24" would be too long to use a conventional string and get to high A. I think 26" would be fine for an F#. You would just need to use an .080 or something around that heavy. What you really need to consider is that adding extra strings requires much better technique and control. I think a lot of people buy 30" 8 strings because they are easier to control with all that string tension but your higher strings aren't going to work out as well. You dont need to have as good of technique with an instrument that large because the strings are so tight. If you have the necessary control you could have a perfectly fine low F at 26.


----------



## Hollowway (Jun 12, 2010)

^^ True, but I don't like the sound of a thicker string. I've used a .072 and .074 on my 27", and I like the tone less than the .068 on my 28.625. The thicker the string the less guitar-like it sounds, and I want to preserve that, especially on such low notes. Another possibility is to just go with a 4" fan.

One thing I can't figure out is where the breaking tension would be for a .008 string. i.e. at 24" you can get a .008 to tune to A with 16.4#, so would that break? It doesn't seem like it.


----------



## xwmucradiox (Jun 12, 2010)

Hollowway said:


> ^^ True, but I don't like the sound of a thicker string. I've used a .072 and .074 on my 27", and I like the tone less than the .068 on my 28.625. The thicker the string the less guitar-like it sounds, and I want to preserve that, especially on such low notes. Another possibility is to just go with a 4" fan.
> 
> One thing I can't figure out is where the breaking tension would be for a .008 string. i.e. at 24" you can get a .008 to tune to A with 16.4#, so would that break? It doesn't seem like it.



As strings get smaller they lose strength pretty quick. At that scale length you might be able to get the string to high A but its probably going to have the tension of a 12 at high E and thus will probably break really quick.


----------



## Xiphos68 (Jun 12, 2010)

I'm all for the High A.
Not really necessary to go lower than a F#. Unless you can play it out without being muddy at all.


----------



## Customisbetter (Jun 12, 2010)

I call dibs on that Ivory body.


----------



## RG7 (Jun 12, 2010)

Neck pickup, please please please...


----------



## vampiregenocide (Jun 12, 2010)

9 is just waaaaay to much for me, I can barely get to grips with an 8. However its good he's going to be making these into production models, will be nice to see what people do with them.


----------



## MaxOfMetal (Jun 12, 2010)

RG7 said:


> Neck pickup, please please please...


----------



## xiphoscesar (Jun 12, 2010)

dam in two years, people on here are gonna have 30 string guitars


----------



## BlackMetalVenom (Jun 12, 2010)

They should make two different fans availabe, for those that want the high A and those that want a low C#.


----------



## Guitarwiz2k (Jun 12, 2010)

See there... Now NEVER make promises you can't keep. < "I promise this is my last guitar.
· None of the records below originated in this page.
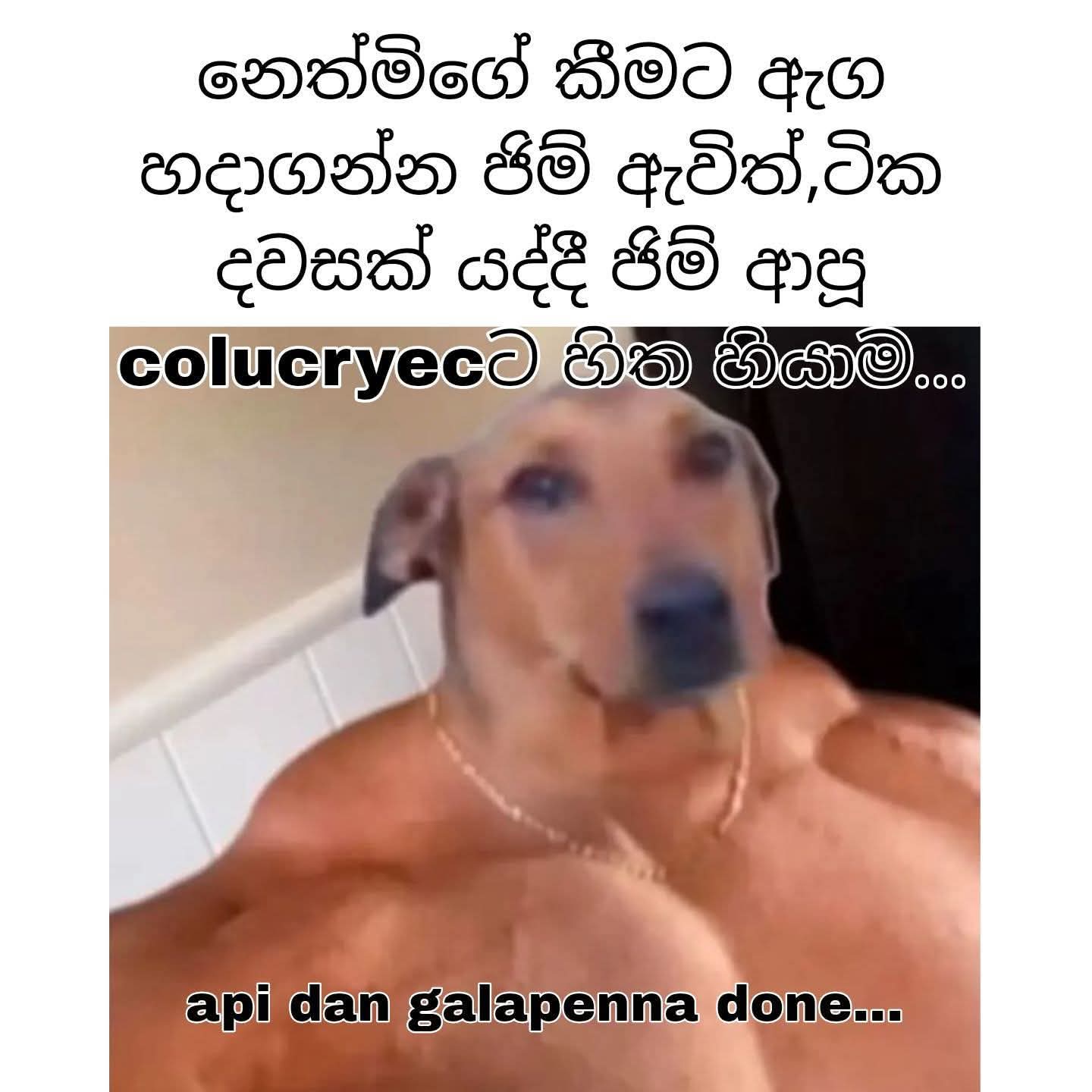 1000063585.jpg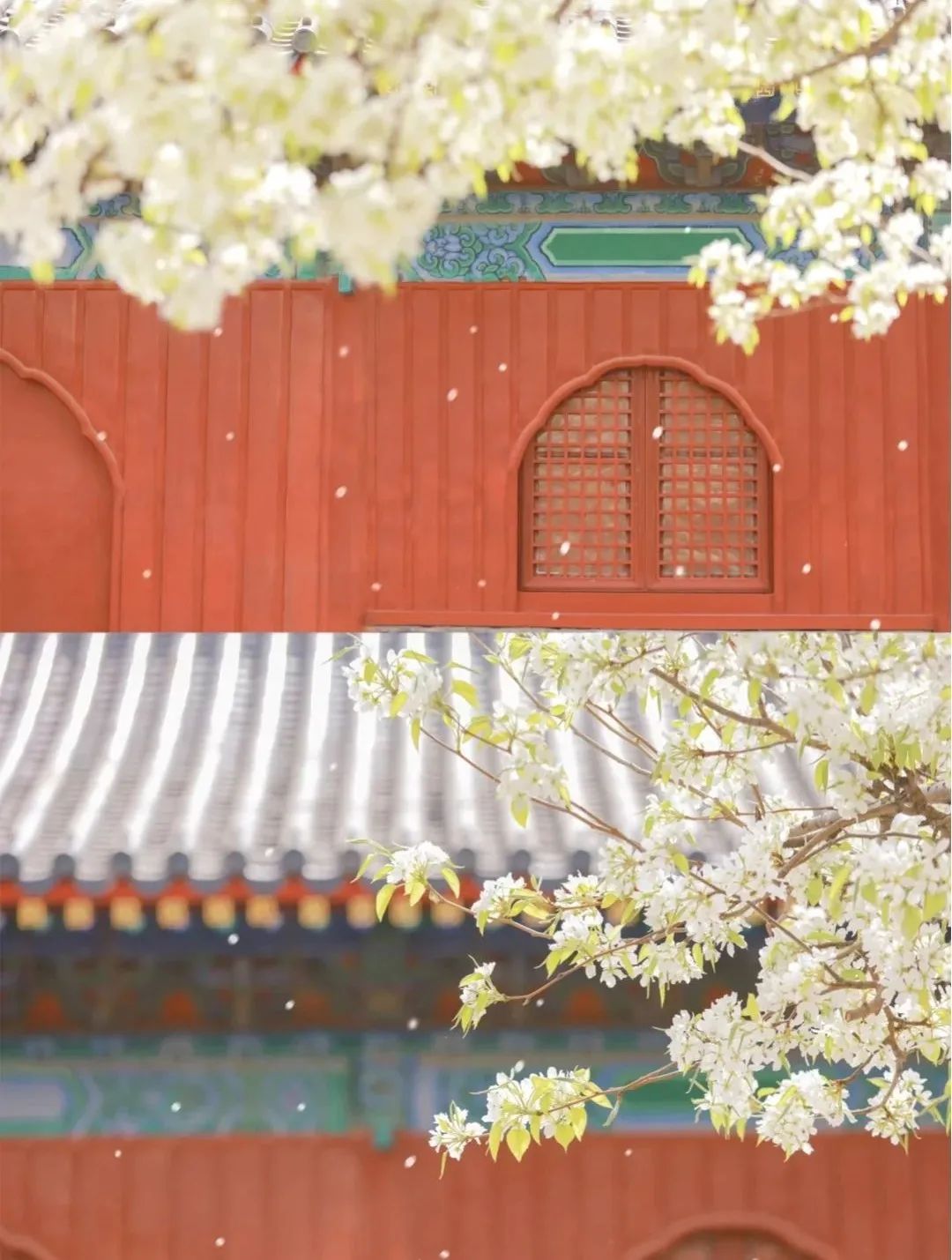 一到春天就美如画的古寺，花比香火旺，看完想出家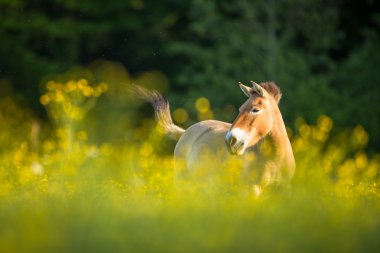 przewalski atı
I don't need another one, I swear this is the last Ibanez I'm buying. I neeed an 8 string to cover the tunes played with an 8. " 

Now here comes a 9-string strolling down the road waiting to be picked up. :-D Here we go again with the promises!


----------



## Opeth666 (Jun 12, 2010)

9 strings!?!?! fuck I havn't even made it to or even played an 8 yet! i need to get on the move!


----------



## yevetz (Jun 13, 2010)

I was thinking about 9 string a lot, with a high A tuning, but the main problem is that I am using Elixir strings on all my guitars, Garry's strings is on another side of the world from me, the thinnest string that I could find here is 0.08. So I'd pull the trigger on 9 string guitars. But restringing of it will be a big pain in the ass for me


----------



## Scarpie (Jun 13, 2010)

BlackMetalVenom said:


> They should make two different fans availabe, for those that want the high A and those that want a low C#.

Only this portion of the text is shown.